Taylor opted to become a golf instructor with the Ben Sutton Golf School in Ruskin, Fla., working at the school from 1992 through 1997 during the LPGA Tour's offseason. A year later, Taylor became the associate director for the Fellowship Of Christian Athletes Golf Ministry in Ponte Vedra, Fla., a role that lasted until 2000. After serving as an instructor for the Dana Rader Golf School in Charlotte, N.C., in 2000 and 2001, she played in 26 LPGA Pro-Am events. Three years later, she joined the golf shop operations and instructional arm of Olde Sycamore Golf Plantation, where she remained until 2011.

Soon after, the coaching bug bit her. She joined Division II Belmont Abbey’s women’s golf team as an assistant coach for a season before catching on with the Division I Winthrop University’s women’s golf team as an assistant this past year.

On a blustery February day, Taylor worked with some of the players on getting them to visualize their swings.

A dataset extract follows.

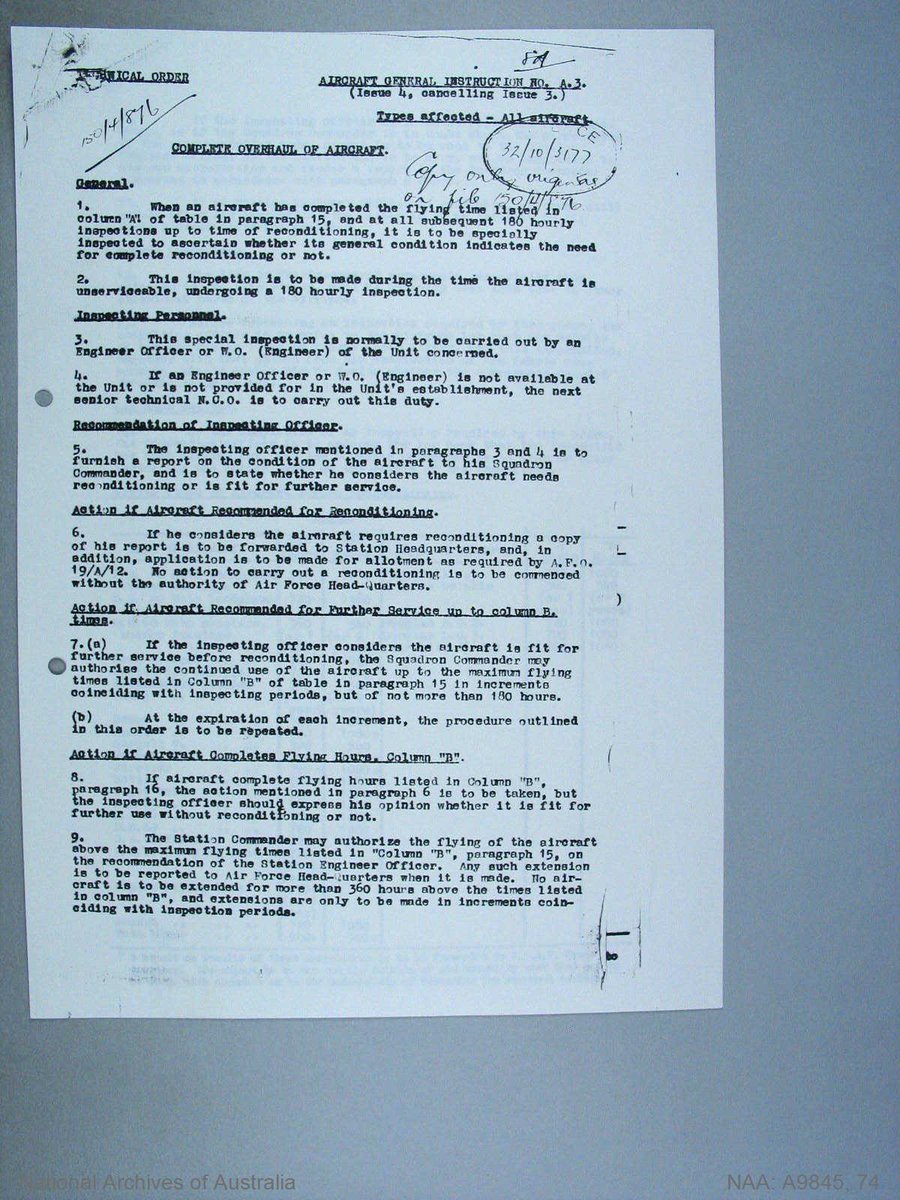 Would A4-5 have crashed if it had have received a scheduled 120-hour inspection at ~896 flying hours? Who can say. The question of why the RAAF moved to an extended cycle begs consideration however.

“We’re blessed to have her,” said Jodi Wendt, who has been Winthrop’s head coach for seven years. “She’s just been a great resource from junior golf to the pros. She has a great head on her shoulders. She’s helped me grow as a person and created a passionate and spiritual side.”

It’s Taylor’s hope that one day she will be a college head coach. She successfully passed the NCAA Recruiting Test, which should help her.

Looking back, Taylor has no regrets about her playing career. In 1996, she played in her fourth and final U.S. Women’s Open. Early into the championship, she was on the leaderboard.

“I was coming up the eighth fairway [at Pine Needles Lodge & Golf Club] and I saw my name was in the top 10,” said Taylor, tearing up at the memory. “It’s those moments in life you cherish.”